To provide a quick overview, what this articles talks about is how a provision is being put into the conference version of a budget bill. The provision is funding related, but unrelated to budget at all. It was included in the House version, but not included in the Senate version. The only two "compromise" positions are including it or not including it.

As this budget bill essentially must pass when it is brought before both houses of congress, anything in it except the most absolutely outrageous is pretty much guaranteed to become law. Not to mention that conference bills have severely restricted debate, anyways. Republicans who might have a problem with this measure won't vote no on the bill. Democrats prolly won't vote no either, because it would give the republicans election year ammunition.

This isnt' language that was rejected by the Senate, either, this measure was never brought up in the Senate, which allows the republicans who control the conference committee to include it without visibly countering the will of the majority.
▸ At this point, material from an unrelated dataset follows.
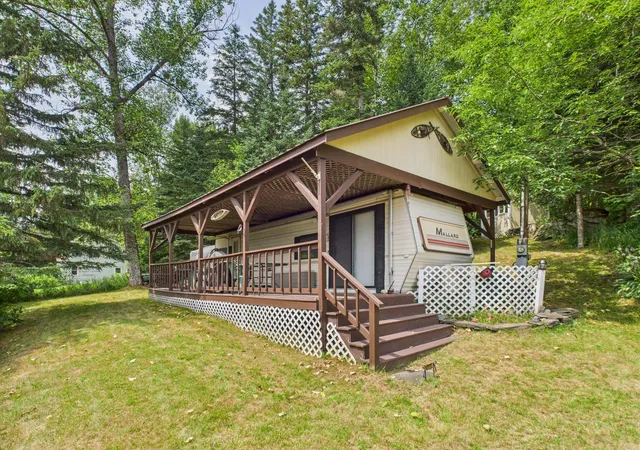 Photo 3 of Single family home for sale at 1459 Main St, Pittsburg, NH 03592 | MLS# 5093687 | Listing updated on 2026-09-04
The thing is, this has been a repeated tactic used (due to democrats with a few republican allies defeating particularly partisan measures in the senate) -- only bring something up in the house, add it in conference, then get it passed with the limited debate rules and inability to amend guaranteed by it being a conference bill.

This is as bad or worse than "activist judges", as it constitutes not merely pushing the limits of a branches authority (which is how that authority is shaped, anyways), but manipulating the legislative process to suppress opposition.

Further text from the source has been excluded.